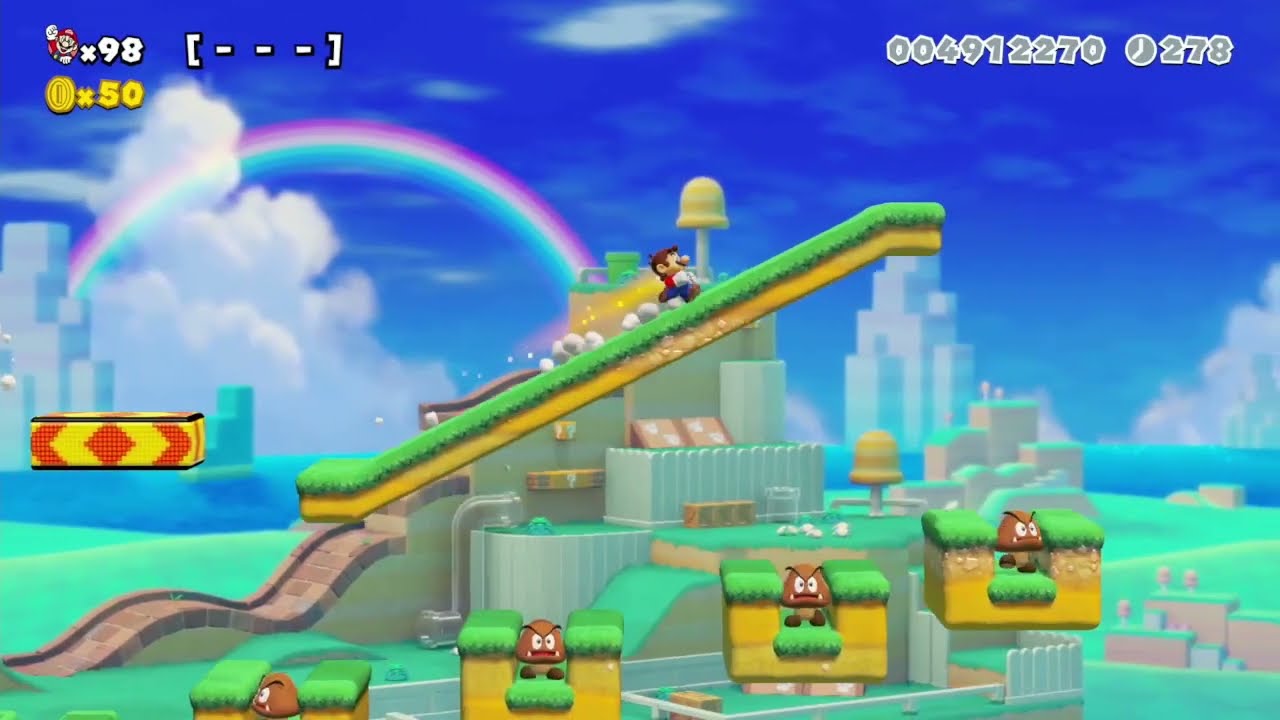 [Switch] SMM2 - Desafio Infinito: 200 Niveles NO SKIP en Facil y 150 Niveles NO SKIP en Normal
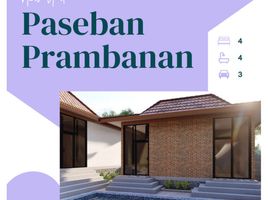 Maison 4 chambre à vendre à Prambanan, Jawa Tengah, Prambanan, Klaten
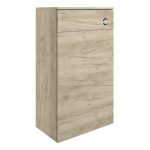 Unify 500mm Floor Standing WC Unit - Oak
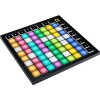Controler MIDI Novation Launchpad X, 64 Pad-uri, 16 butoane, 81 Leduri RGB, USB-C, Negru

==

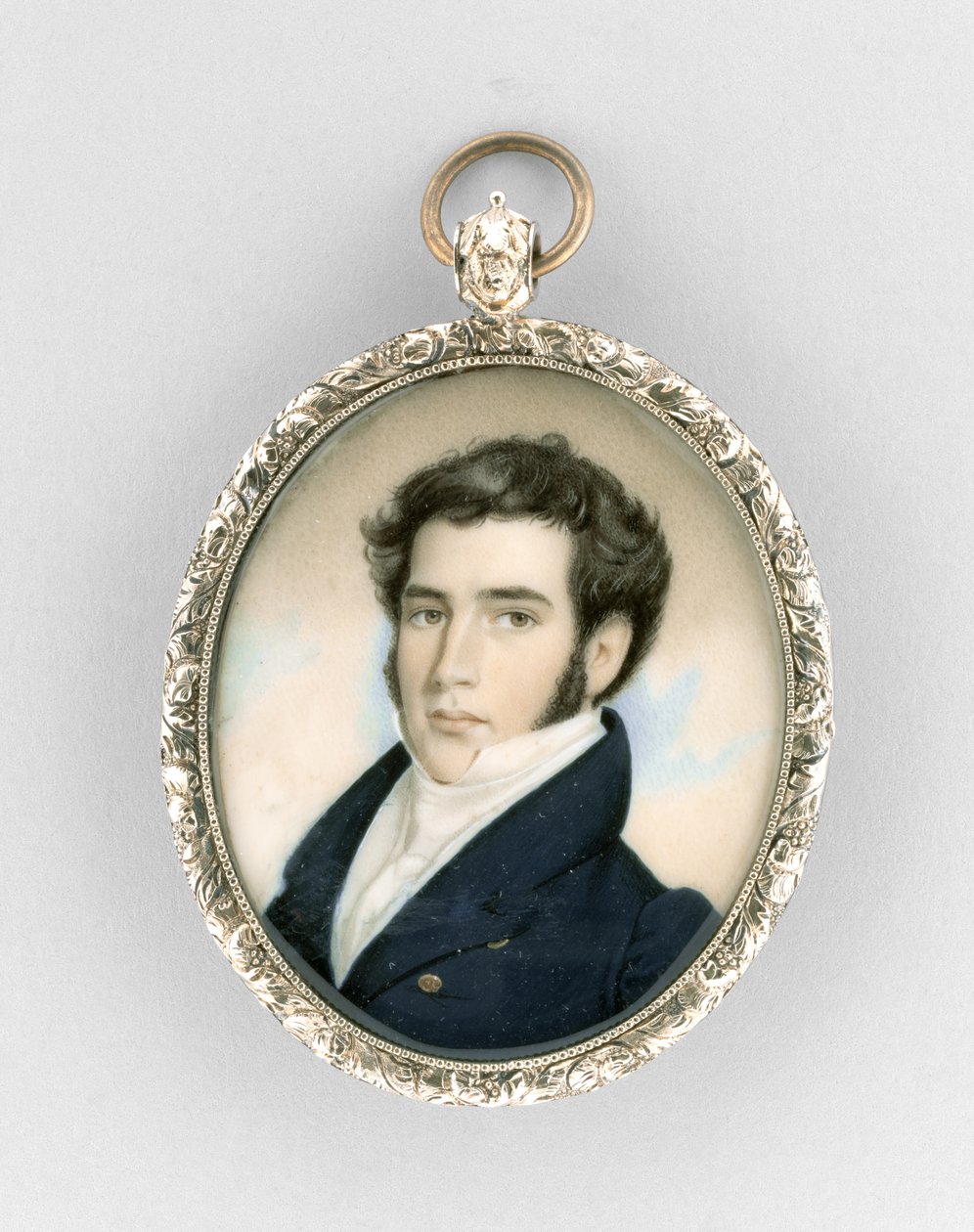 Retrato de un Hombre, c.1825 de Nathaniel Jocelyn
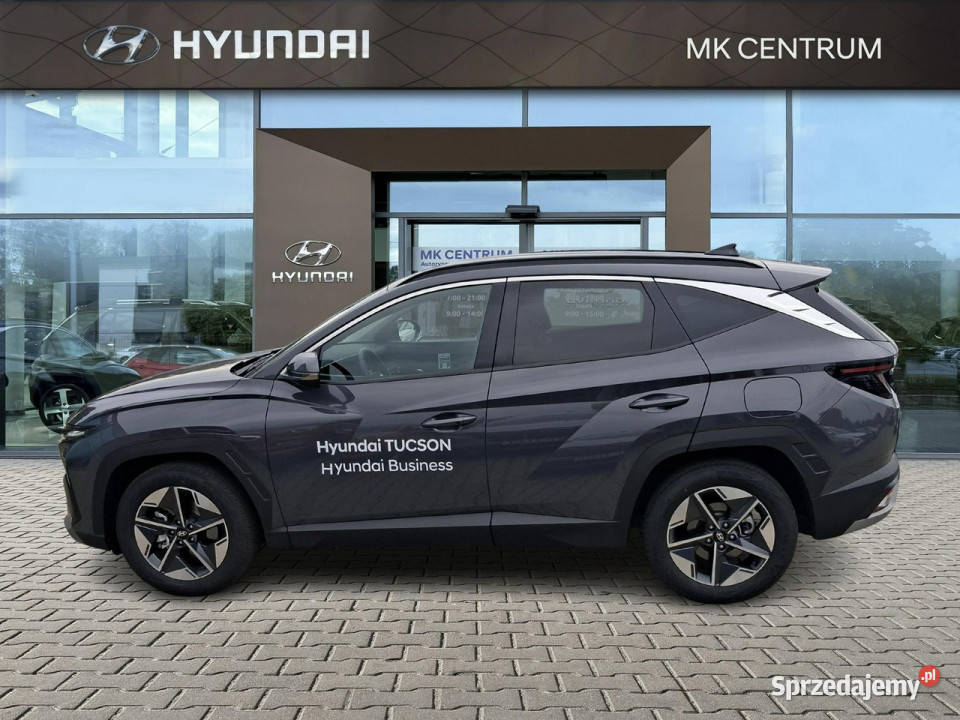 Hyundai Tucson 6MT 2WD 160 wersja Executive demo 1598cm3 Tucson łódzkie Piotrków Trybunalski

* * *

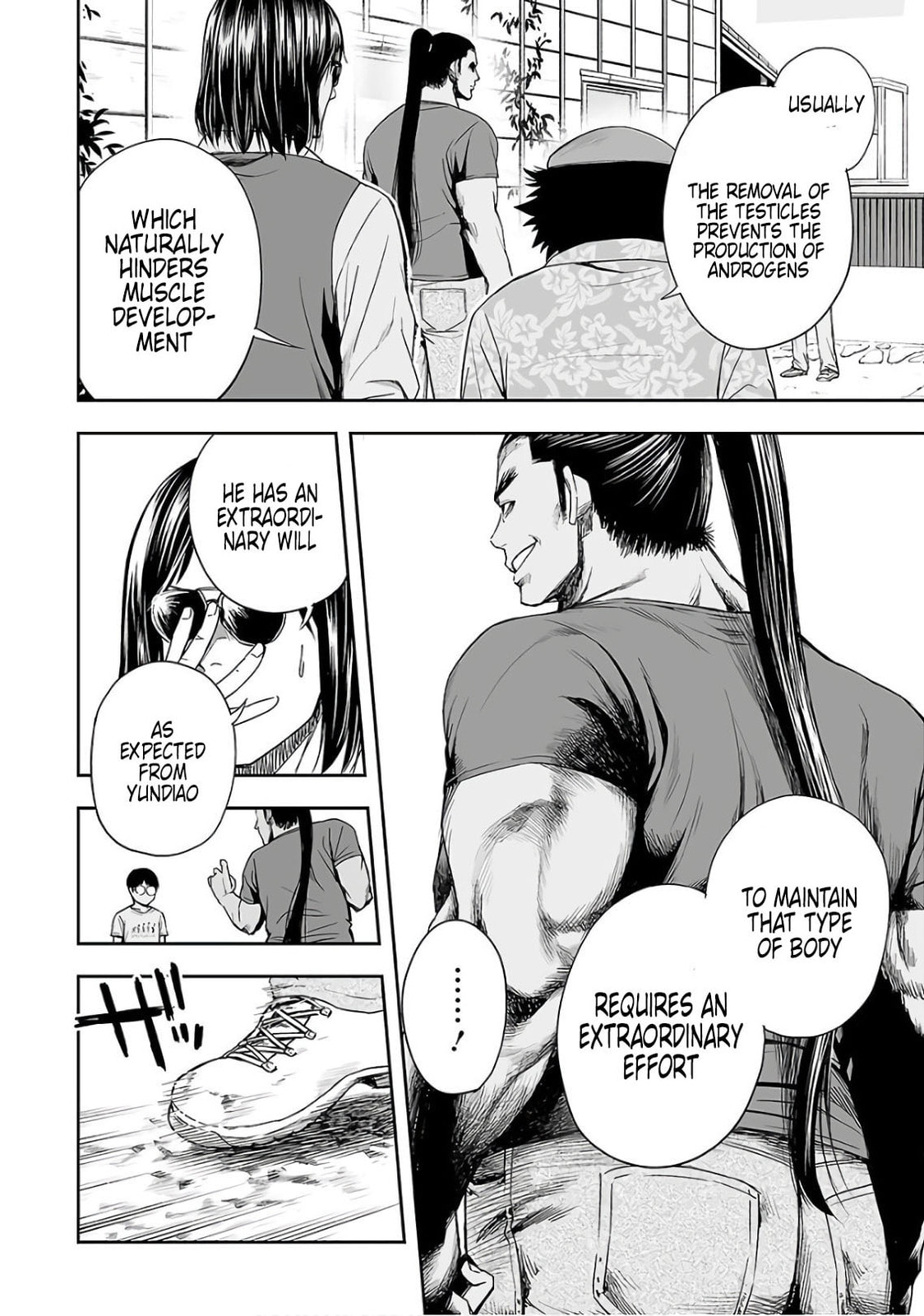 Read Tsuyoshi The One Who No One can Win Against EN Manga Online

Problem description: Your task is to copy only the lines above starting at the one containing "[Switch] SMM2 - Desafio" and ending at the one containing "Controler MIDI Novation". Copy them exactly, both ends included, and omit the pictures.

Written answer:
 [Switch] SMM2 - Desafio Infinito: 200 Niveles NO SKIP en Facil y 150 Niveles NO SKIP en Normal
 Maison 4 chambre à vendre à Prambanan, Jawa Tengah, Prambanan, Klaten
 Unify 500mm Floor Standing WC Unit - Oak
Controler MIDI Novation Launchpad X, 64 Pad-uri, 16 butoane, 81 Leduri RGB, USB-C, Negru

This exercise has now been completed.